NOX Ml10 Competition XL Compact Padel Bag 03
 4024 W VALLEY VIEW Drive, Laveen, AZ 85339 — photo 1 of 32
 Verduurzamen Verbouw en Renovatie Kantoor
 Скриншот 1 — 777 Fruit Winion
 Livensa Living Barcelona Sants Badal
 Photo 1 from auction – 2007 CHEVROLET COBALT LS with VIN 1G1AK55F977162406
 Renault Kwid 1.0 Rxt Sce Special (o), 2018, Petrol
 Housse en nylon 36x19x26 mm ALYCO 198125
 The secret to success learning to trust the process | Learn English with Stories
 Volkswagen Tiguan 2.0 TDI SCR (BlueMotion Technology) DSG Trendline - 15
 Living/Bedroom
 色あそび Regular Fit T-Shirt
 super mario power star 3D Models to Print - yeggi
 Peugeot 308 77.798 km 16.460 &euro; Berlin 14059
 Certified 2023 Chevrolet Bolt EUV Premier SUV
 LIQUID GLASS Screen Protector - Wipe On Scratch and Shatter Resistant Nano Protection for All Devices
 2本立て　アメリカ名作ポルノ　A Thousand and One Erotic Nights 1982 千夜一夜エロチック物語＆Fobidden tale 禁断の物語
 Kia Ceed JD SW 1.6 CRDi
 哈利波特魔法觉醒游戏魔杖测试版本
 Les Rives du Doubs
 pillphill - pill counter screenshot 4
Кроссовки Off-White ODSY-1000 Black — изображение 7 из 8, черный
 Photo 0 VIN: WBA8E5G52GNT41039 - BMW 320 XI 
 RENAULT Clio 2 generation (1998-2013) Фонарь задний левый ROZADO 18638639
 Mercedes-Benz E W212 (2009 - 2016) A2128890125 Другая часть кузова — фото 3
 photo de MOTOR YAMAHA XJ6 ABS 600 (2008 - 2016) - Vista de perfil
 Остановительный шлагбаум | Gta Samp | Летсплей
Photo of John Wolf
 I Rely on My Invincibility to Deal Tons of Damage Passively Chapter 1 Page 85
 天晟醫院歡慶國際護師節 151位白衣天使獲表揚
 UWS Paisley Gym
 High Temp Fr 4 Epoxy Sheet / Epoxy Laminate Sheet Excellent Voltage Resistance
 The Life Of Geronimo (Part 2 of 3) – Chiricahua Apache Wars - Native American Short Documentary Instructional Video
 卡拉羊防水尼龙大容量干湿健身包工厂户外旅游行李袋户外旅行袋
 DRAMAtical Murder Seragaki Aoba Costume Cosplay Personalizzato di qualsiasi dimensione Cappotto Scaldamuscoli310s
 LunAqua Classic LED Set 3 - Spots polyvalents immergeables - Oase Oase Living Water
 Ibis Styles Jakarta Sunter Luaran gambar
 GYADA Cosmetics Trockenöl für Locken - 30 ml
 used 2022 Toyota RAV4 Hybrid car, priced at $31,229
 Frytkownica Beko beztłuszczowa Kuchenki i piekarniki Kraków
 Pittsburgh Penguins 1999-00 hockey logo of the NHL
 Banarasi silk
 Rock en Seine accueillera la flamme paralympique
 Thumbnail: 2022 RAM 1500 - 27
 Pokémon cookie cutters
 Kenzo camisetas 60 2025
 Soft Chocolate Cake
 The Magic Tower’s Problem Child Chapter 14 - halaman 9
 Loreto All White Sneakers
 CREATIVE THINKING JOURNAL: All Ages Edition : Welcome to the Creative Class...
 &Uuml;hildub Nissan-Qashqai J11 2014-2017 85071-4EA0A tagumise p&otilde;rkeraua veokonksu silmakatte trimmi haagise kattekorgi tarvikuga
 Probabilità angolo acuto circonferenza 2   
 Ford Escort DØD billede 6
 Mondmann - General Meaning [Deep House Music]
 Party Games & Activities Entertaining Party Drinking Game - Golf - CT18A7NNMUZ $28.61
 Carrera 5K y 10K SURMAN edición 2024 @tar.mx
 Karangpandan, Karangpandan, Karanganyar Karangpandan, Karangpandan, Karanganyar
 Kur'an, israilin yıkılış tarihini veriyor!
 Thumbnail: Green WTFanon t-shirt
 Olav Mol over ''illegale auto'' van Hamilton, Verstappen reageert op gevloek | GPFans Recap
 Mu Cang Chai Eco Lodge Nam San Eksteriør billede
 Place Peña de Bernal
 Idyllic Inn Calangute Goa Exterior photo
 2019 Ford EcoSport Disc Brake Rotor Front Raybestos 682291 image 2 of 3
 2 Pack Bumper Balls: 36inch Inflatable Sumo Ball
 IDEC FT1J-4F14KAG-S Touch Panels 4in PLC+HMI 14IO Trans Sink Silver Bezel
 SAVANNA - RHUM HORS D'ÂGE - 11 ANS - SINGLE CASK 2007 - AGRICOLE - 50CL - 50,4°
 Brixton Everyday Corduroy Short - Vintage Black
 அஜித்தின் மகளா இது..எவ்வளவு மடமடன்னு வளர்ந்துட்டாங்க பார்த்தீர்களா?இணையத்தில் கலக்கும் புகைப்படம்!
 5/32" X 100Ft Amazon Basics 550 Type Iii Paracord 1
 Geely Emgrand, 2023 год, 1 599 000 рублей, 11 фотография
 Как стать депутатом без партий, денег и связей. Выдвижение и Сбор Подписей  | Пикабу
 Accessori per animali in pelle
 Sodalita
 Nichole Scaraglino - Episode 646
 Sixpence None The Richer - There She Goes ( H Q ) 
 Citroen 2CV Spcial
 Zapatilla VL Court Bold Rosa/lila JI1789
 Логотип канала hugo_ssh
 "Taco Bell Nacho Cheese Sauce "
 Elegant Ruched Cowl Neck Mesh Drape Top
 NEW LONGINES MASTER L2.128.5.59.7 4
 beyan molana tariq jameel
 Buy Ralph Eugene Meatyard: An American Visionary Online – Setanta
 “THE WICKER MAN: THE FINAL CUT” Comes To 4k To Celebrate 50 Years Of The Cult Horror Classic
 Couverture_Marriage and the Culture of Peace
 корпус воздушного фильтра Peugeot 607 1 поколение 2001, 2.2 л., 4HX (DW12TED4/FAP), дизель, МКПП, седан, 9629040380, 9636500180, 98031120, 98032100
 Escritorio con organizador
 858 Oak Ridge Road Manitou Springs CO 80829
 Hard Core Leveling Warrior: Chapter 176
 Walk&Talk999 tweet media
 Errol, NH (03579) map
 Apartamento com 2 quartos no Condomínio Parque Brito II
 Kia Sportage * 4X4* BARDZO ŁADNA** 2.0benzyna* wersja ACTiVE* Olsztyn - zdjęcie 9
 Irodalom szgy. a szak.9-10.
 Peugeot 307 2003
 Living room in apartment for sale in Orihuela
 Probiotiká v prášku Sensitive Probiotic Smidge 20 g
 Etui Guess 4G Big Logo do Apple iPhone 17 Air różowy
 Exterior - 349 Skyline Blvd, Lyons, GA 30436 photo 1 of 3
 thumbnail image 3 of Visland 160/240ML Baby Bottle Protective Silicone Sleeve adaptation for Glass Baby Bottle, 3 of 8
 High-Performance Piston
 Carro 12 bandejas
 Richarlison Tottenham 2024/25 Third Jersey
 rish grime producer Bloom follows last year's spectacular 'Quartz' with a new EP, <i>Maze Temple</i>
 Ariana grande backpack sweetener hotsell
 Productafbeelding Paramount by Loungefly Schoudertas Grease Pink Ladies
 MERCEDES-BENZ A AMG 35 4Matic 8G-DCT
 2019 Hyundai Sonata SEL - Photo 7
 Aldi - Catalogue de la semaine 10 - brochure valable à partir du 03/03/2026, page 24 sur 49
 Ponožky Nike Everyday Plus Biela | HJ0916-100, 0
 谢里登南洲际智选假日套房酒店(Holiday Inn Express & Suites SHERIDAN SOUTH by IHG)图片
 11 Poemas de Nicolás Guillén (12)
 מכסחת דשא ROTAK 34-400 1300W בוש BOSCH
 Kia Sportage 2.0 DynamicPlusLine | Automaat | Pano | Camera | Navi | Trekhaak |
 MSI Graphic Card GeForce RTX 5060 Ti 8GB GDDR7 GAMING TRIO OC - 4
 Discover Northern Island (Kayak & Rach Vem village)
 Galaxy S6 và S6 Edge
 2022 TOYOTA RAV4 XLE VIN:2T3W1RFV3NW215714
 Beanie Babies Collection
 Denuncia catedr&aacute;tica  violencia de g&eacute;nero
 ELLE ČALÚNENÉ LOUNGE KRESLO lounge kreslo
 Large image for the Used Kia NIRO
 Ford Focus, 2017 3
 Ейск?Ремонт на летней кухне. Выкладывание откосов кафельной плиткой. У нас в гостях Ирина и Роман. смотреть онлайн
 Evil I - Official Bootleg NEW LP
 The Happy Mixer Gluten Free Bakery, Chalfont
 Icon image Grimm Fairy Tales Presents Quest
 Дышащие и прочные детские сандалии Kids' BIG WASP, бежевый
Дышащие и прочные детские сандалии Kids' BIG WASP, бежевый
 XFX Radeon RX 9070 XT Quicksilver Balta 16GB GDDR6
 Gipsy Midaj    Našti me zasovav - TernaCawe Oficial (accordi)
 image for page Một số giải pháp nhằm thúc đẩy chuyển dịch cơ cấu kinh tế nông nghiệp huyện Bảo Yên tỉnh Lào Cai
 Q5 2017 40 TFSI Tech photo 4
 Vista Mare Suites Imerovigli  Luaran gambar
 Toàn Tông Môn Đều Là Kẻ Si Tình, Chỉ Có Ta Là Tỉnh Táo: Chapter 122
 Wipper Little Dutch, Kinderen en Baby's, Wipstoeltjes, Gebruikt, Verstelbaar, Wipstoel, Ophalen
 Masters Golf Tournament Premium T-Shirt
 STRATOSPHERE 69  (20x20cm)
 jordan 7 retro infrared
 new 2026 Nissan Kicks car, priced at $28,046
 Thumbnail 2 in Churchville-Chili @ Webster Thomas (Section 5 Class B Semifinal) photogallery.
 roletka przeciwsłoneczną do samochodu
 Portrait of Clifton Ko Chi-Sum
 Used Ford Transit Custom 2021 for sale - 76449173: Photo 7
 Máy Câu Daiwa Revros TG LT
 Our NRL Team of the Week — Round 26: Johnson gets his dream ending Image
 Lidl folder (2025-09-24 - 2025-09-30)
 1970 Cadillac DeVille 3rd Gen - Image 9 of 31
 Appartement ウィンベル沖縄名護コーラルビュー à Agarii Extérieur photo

#####

Go through the material and select each line with the string "gambar" in it.

### WRITTEN REPLY
 Ibis Styles Jakarta Sunter Luaran gambar
 Vista Mare Suites Imerovigli  Luaran gambar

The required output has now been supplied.